**Task objective:** Every line from the one holding "Solo el 2% de" to the end of the entries should be repeated exactly, with the pictures left out.

Records from a data source:
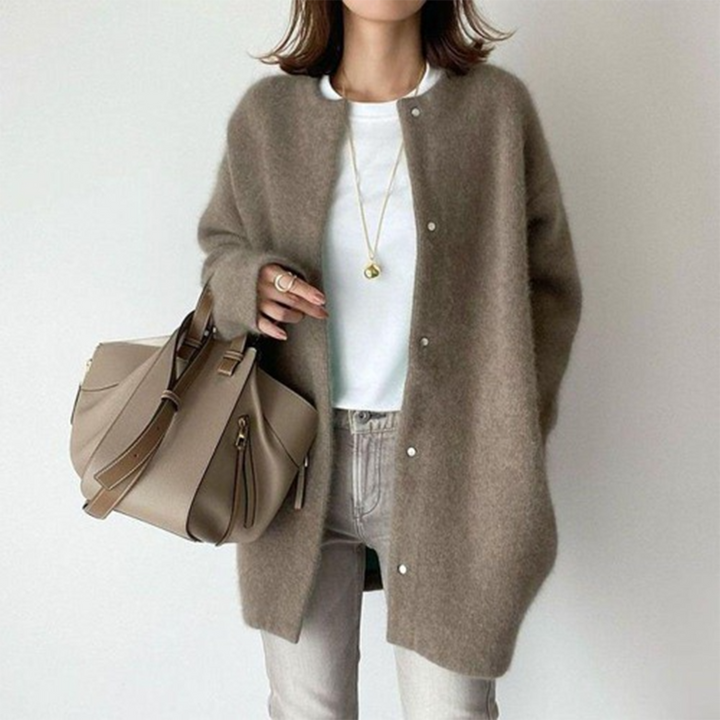 Mille | Elegant Cardigan in Wool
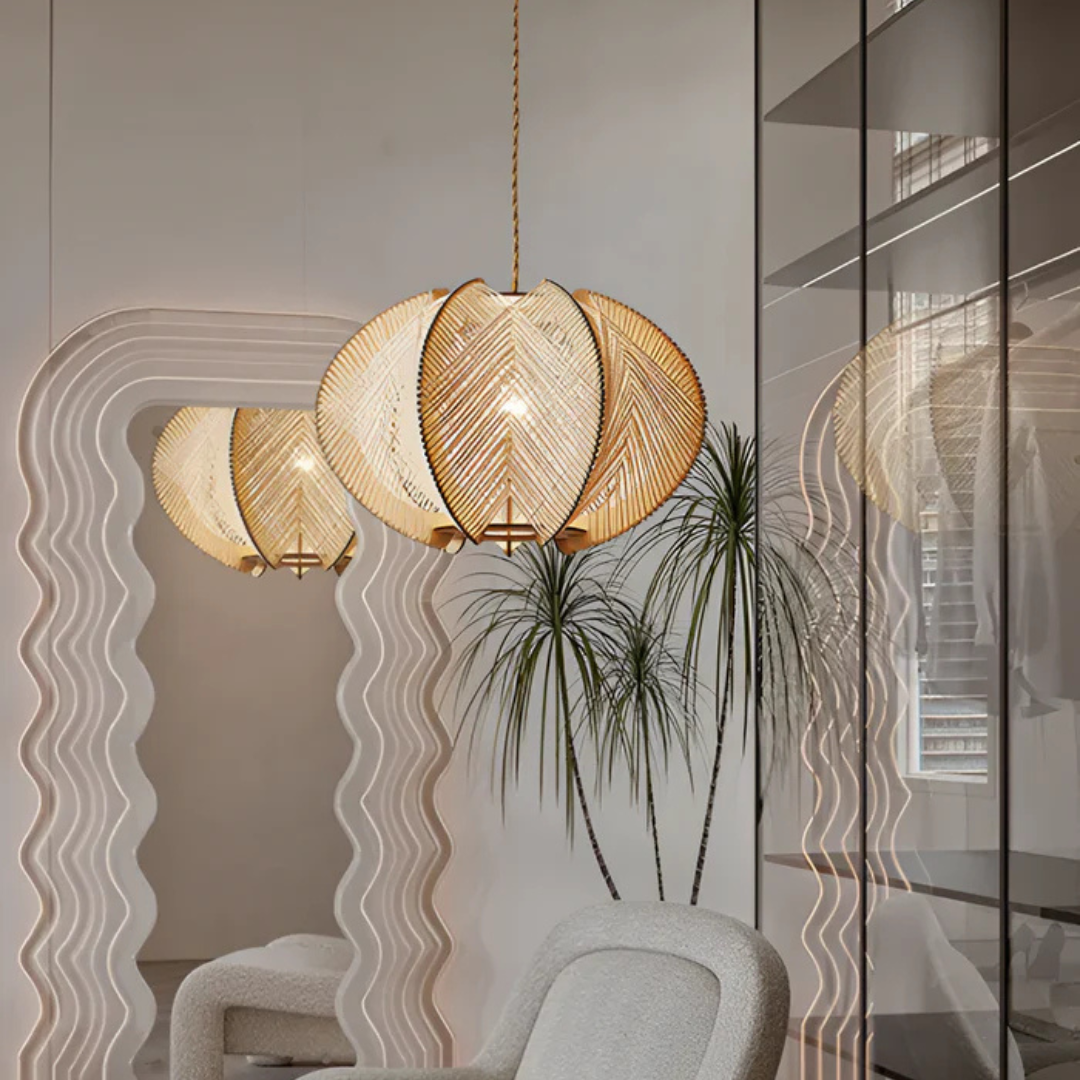 Wabi-Sabi Pendant Lamp Design
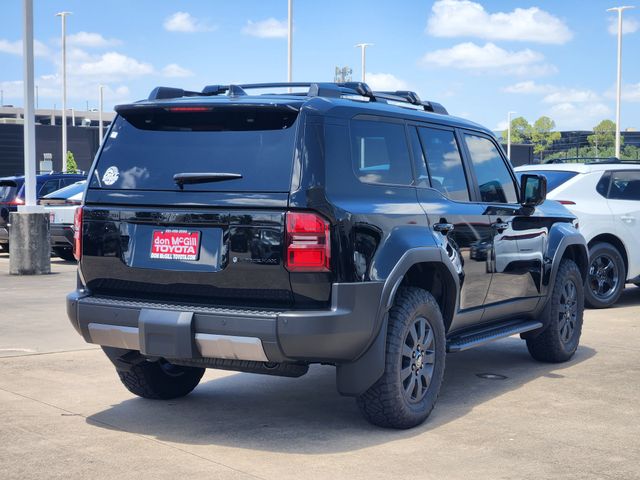 2027 Toyota Land Cruiser Base Black at Don McGill Toyota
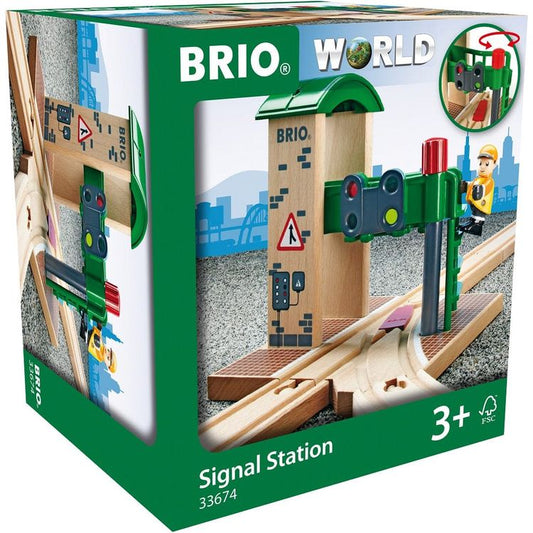 Train Signal Station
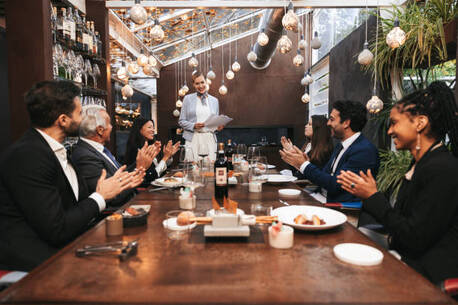 London, Food & Drink, Corporate Private Dining For Meetings, Client Dinners & Team Events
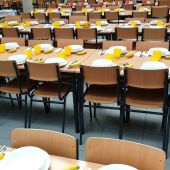 Solo el 2% de los escolares de la Región de Murcia accede a las ayudas para asistir al comedor escolar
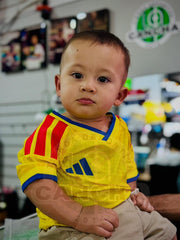 CAMISETA SELECCION COLOMBIA LOCAL BEBE 2026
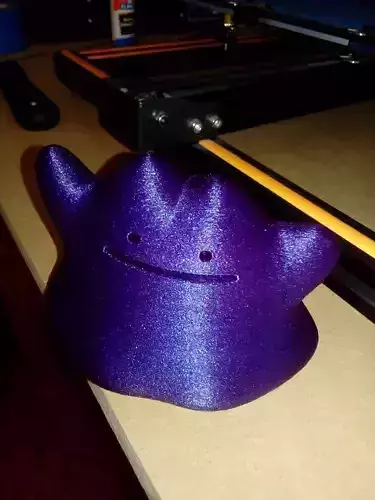 Pokemon DITTO 3D Printable Model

**Written solution:**
 Solo el 2% de los escolares de la Región de Murcia accede a las ayudas para asistir al comedor escolar
 CAMISETA SELECCION COLOMBIA LOCAL BEBE 2026
 Pokemon DITTO 3D Printable Model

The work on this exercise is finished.